In [39]:
import pandas as pd 
import numpy as np
from sklearn.metrics.pairwise import cosine_similarity
from scipy import sparse 

class MF(object):
    """docstring for CF"""
    def __init__(self, Y_data, K, lam = 0.1, Xinit = None, Winit = None, 
                 learning_rate = 0.5, max_iter = 1000, print_every = 100, user_based = 1):
        self.Y_raw_data = Y_data
        self.K = K
        self.lam = lam
        self.learning_rate = learning_rate
        self.max_iter = max_iter
        self.print_every = print_every
        self.user_based = user_based
        # number of users and items.

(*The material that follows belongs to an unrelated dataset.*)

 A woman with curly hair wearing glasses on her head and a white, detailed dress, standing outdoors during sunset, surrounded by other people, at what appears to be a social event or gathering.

Remember to add 1 since id starts from 0
        self.n_users = int(np.max(Y_data[:, 0])) + 1 
        self.n_items = int(np.max(Y_data[:, 1])) + 1
        
        if Xinit is None: 
            self.X = np.random.randn(self.n_items, K)
        else:
            self.X = Xinit 
        
        if Winit is None: 
            self.W = np.random.randn(K, self.n_users)
        else: 
            self.W = Winit
            
        #self.all_users = self.Y_data[:,0] # all users (may be duplicated)
        self.n_ratings = Y_data.shape[0]
        # normalized data
        self.Y_data_n = self.Y_raw_data.copy()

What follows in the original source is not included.